- Opening Delimiter -
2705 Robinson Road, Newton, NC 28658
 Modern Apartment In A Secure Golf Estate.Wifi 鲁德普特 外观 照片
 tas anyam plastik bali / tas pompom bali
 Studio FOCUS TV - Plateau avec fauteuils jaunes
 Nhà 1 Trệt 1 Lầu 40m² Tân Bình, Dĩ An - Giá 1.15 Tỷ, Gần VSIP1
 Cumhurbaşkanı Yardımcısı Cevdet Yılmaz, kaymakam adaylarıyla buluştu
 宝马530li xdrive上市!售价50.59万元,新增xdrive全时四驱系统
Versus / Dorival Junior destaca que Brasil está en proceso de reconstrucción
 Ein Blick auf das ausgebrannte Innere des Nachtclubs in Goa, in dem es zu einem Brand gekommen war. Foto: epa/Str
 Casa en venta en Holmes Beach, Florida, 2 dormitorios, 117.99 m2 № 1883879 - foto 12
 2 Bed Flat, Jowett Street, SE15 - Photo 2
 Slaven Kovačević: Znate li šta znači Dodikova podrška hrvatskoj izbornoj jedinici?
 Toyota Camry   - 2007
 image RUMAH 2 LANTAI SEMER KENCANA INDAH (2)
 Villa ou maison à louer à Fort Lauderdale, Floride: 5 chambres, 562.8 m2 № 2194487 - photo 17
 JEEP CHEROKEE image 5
- Closing Delimiter -
▸ **EXERCISE PROMPT**
Write the data out again. Match it word for word.

▸ **WRITTEN ANSWER**
2705 Robinson Road, Newton, NC 28658
 Modern Apartment In A Secure Golf Estate.Wifi 鲁德普特 外观 照片
 tas anyam plastik bali / tas pompom bali
 Studio FOCUS TV - Plateau avec fauteuils jaunes
 Nhà 1 Trệt 1 Lầu 40m² Tân Bình, Dĩ An - Giá 1.15 Tỷ, Gần VSIP1
 Cumhurbaşkanı Yardımcısı Cevdet Yılmaz, kaymakam adaylarıyla buluştu
 宝马530li xdrive上市!售价50.59万元,新增xdrive全时四驱系统
Versus / Dorival Junior destaca que Brasil está en proceso de reconstrucción
 Ein Blick auf das ausgebrannte Innere des Nachtclubs in Goa, in dem es zu einem Brand gekommen war. Foto: epa/Str
 Casa en venta en Holmes Beach, Florida, 2 dormitorios, 117.99 m2 № 1883879 - foto 12
 2 Bed Flat, Jowett Street, SE15 - Photo 2
 Slaven Kovačević: Znate li šta znači Dodikova podrška hrvatskoj izbornoj jedinici?
 Toyota Camry   - 2007
 image RUMAH 2 LANTAI SEMER KENCANA INDAH (2)
 Villa ou maison à louer à Fort Lauderdale, Floride: 5 chambres, 562.8 m2 № 2194487 - photo 17
 JEEP CHEROKEE image 5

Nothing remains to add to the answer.